··· Available data ···
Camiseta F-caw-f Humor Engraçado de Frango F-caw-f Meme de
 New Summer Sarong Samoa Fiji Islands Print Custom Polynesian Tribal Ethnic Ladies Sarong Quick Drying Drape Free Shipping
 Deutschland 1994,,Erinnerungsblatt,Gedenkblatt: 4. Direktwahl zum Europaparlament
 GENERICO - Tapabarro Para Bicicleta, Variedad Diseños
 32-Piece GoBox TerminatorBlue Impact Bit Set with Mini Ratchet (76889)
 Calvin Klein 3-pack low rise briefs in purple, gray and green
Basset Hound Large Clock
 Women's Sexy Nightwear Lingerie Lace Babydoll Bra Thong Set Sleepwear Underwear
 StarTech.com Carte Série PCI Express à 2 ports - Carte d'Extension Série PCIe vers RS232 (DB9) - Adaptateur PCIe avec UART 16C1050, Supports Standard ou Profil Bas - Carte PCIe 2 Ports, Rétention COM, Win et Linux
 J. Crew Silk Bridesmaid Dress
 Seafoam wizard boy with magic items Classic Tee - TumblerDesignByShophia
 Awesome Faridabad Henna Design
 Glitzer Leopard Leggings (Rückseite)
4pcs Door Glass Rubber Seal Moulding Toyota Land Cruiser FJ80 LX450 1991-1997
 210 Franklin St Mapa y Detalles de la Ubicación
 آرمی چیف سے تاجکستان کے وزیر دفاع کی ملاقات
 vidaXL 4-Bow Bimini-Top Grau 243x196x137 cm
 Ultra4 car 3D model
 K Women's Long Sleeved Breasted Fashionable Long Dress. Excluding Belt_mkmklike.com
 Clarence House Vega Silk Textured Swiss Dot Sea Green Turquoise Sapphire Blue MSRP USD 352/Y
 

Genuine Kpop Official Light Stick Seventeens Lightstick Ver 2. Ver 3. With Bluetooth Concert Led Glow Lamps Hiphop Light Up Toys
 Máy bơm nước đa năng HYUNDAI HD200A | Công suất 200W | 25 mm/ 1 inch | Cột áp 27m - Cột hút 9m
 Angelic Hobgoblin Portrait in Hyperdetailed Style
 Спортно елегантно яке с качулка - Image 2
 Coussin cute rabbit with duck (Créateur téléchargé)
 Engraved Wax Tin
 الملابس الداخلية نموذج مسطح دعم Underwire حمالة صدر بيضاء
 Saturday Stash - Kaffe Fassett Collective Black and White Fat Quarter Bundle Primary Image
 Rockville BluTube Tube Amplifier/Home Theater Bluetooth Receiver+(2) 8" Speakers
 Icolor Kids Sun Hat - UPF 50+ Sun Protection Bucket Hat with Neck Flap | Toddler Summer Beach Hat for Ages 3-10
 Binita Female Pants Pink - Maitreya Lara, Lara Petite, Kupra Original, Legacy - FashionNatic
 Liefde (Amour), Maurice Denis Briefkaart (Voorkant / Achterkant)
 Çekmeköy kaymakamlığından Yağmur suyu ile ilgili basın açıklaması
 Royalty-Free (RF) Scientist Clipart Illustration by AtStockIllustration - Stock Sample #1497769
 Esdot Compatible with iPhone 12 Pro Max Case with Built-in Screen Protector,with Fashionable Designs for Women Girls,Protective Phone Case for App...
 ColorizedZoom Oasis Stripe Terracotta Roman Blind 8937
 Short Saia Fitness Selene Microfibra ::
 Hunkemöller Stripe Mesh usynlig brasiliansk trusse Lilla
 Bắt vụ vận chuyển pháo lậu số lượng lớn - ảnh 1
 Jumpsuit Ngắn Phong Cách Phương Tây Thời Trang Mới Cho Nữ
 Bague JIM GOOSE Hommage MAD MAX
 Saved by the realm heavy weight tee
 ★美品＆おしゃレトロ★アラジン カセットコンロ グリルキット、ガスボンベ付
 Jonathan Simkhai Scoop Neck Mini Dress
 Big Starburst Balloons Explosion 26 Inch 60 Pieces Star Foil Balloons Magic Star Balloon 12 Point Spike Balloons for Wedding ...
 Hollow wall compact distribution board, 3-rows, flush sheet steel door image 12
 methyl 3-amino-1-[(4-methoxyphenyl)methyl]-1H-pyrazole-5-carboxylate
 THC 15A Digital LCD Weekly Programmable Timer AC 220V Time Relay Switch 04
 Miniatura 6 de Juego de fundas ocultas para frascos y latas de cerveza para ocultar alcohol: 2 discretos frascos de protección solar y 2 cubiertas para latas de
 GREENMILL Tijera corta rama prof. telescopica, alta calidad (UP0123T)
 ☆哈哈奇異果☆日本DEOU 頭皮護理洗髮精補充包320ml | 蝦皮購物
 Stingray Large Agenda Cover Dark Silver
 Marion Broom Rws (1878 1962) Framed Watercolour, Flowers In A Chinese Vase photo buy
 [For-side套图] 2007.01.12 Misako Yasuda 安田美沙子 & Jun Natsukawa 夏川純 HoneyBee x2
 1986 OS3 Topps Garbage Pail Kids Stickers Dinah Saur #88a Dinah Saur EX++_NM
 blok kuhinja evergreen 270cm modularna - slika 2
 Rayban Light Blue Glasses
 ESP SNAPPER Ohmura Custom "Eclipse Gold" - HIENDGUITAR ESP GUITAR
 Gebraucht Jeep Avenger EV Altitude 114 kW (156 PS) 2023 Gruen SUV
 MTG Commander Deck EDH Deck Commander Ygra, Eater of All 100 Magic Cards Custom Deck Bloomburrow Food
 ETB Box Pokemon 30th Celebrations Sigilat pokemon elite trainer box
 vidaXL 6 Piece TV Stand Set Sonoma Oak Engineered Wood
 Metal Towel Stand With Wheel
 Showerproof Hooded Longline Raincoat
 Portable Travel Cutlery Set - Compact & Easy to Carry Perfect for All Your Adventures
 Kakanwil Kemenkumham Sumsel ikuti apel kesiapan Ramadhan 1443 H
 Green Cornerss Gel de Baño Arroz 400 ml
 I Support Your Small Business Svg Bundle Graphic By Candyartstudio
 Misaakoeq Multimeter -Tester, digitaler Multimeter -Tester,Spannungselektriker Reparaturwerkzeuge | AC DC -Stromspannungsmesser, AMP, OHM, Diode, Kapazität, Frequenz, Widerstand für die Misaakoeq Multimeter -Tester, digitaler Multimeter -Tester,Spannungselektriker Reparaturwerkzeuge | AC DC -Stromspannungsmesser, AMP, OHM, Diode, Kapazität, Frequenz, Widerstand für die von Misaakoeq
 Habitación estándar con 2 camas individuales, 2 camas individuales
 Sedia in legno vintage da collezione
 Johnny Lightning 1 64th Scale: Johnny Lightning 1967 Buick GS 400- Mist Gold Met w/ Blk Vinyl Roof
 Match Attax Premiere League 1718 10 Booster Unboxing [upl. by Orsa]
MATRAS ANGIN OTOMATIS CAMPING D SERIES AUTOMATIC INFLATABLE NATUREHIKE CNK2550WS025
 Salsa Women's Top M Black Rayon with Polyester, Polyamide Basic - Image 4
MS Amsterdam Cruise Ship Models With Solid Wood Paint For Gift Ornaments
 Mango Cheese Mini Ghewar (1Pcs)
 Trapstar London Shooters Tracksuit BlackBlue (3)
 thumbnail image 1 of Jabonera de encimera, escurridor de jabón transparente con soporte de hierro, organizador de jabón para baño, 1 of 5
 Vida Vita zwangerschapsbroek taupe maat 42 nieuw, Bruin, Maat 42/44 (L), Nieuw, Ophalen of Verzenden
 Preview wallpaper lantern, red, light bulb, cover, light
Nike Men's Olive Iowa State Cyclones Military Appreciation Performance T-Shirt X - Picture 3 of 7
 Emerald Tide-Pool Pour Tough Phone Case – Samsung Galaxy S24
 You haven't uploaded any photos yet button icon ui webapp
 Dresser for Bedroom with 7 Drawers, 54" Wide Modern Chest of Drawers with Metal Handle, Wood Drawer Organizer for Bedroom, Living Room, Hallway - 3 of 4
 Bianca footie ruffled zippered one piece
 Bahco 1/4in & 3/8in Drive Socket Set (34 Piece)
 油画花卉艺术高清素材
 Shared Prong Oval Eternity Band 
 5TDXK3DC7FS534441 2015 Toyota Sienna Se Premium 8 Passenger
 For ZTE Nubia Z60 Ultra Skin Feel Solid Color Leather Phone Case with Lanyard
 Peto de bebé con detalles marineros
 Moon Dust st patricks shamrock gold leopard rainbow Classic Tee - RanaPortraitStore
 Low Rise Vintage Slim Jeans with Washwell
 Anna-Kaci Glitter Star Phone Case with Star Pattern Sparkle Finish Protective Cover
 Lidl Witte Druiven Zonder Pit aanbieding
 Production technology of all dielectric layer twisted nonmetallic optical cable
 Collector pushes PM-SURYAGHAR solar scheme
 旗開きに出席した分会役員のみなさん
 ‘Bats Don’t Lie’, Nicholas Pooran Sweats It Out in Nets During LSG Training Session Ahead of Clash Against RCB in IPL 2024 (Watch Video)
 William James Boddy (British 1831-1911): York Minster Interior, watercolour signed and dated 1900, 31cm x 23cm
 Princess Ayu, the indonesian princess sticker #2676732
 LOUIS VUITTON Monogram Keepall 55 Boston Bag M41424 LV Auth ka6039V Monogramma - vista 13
···
What you have to do: Write out exactly the lines above between the line with "Big Starburst Balloons" and the line with "THC 15A Digital", inclusive, and nothing beyond them.

Answer:
 Big Starburst Balloons Explosion 26 Inch 60 Pieces Star Foil Balloons Magic Star Balloon 12 Point Spike Balloons for Wedding ...
 Hollow wall compact distribution board, 3-rows, flush sheet steel door image 12
 methyl 3-amino-1-[(4-methoxyphenyl)methyl]-1H-pyrazole-5-carboxylate
 THC 15A Digital LCD Weekly Programmable Timer AC 220V Time Relay Switch 04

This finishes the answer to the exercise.